(Beginning of Record set)

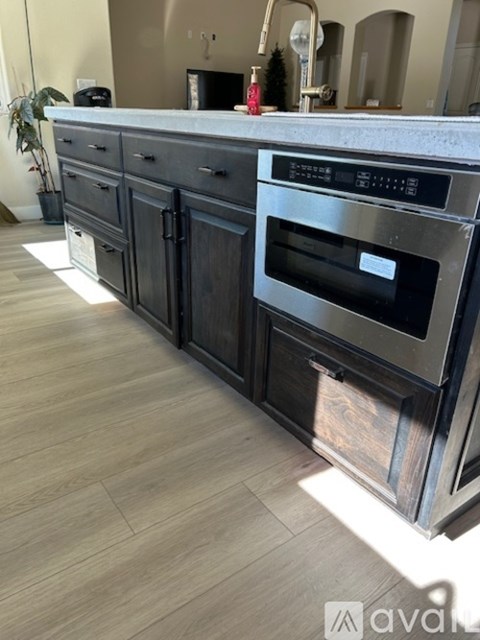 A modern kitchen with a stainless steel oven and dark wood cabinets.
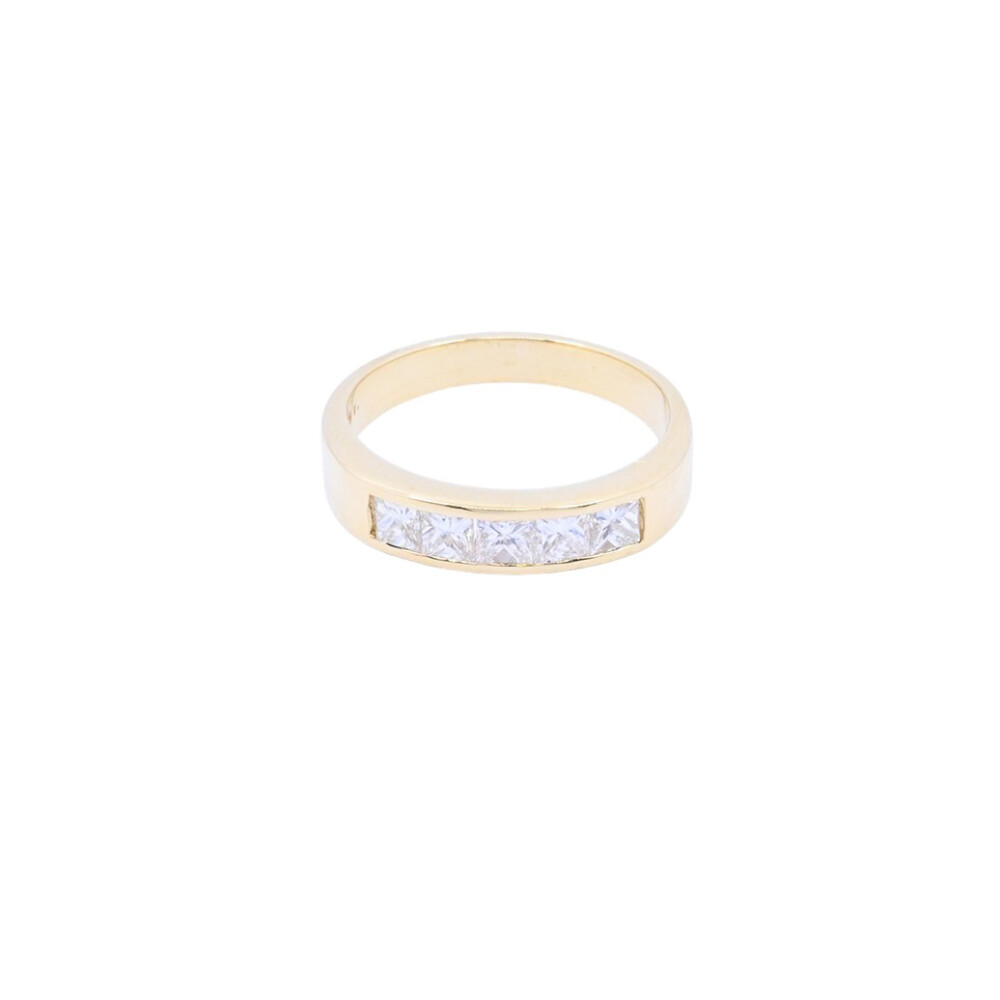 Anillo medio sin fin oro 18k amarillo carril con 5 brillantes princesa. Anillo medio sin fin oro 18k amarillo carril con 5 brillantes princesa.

(End of Record set)
(Beginning of Record set)

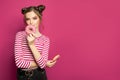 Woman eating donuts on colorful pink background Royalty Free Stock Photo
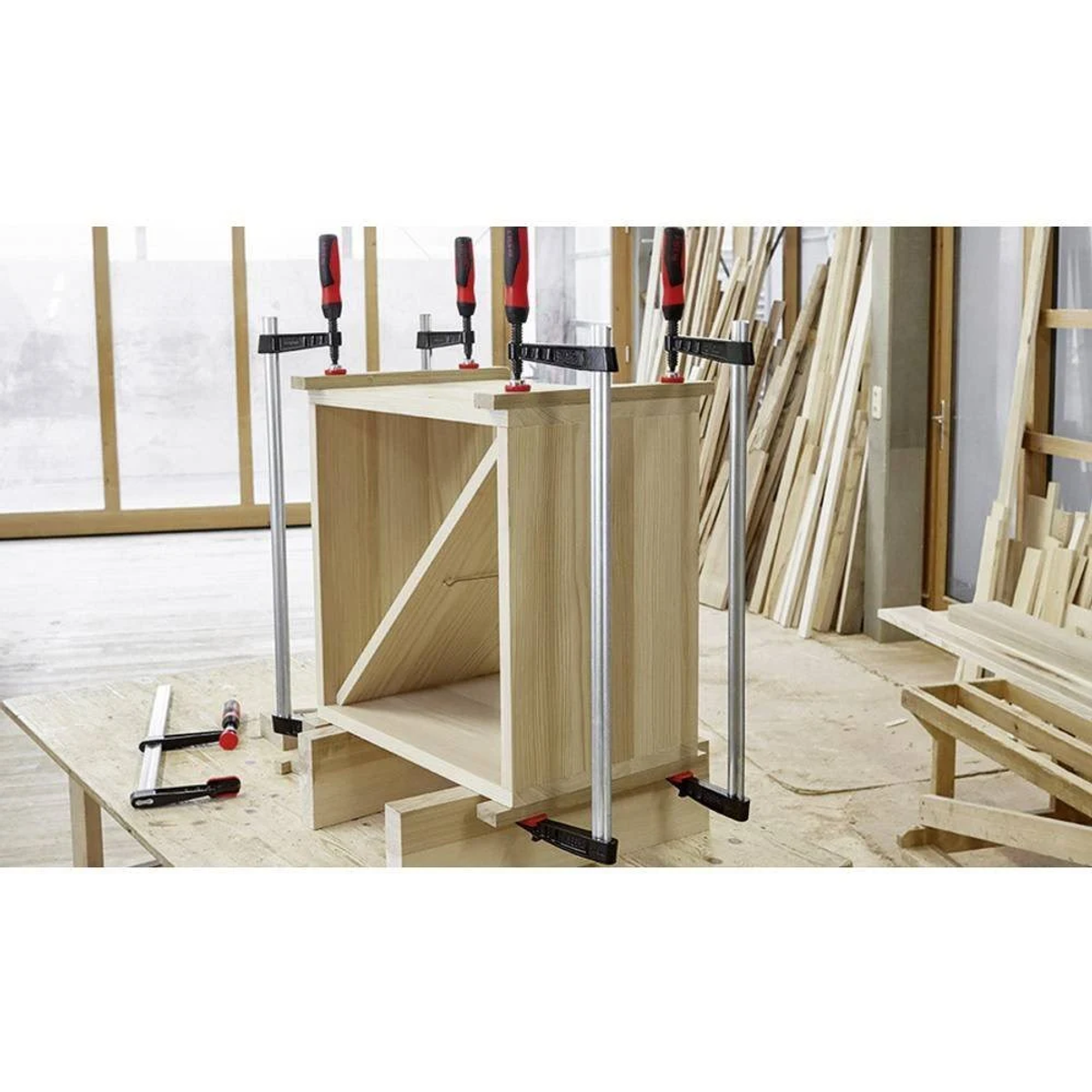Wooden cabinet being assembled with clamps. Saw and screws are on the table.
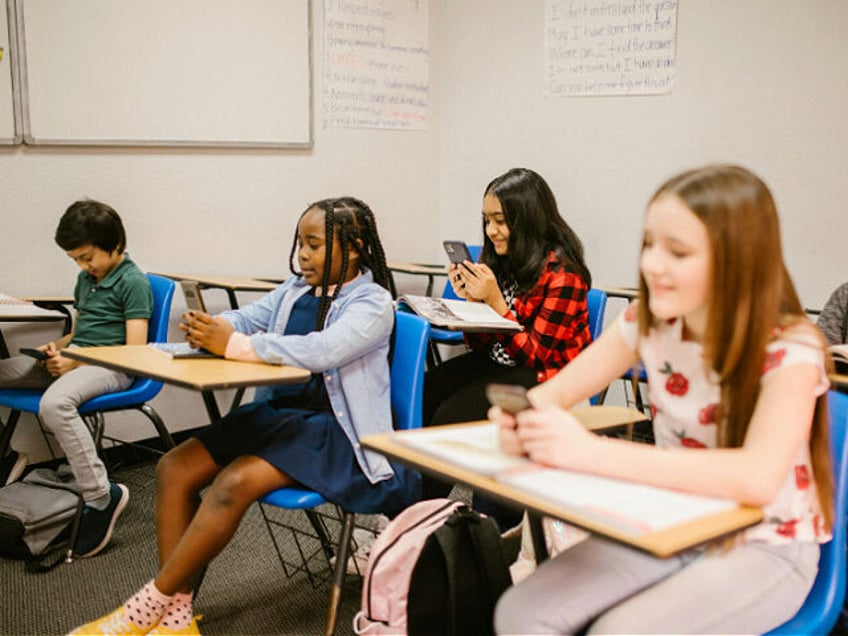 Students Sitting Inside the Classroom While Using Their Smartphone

(End of Record set)

With the pictures omitted, copy the entries above exactly from the line containing "Wooden cabinet being" through the line containing "Students Sitting Inside", both lines included.

__Written answer__:
Wooden cabinet being assembled with clamps. Saw and screws are on the table.
 Students Sitting Inside the Classroom While Using Their Smartphone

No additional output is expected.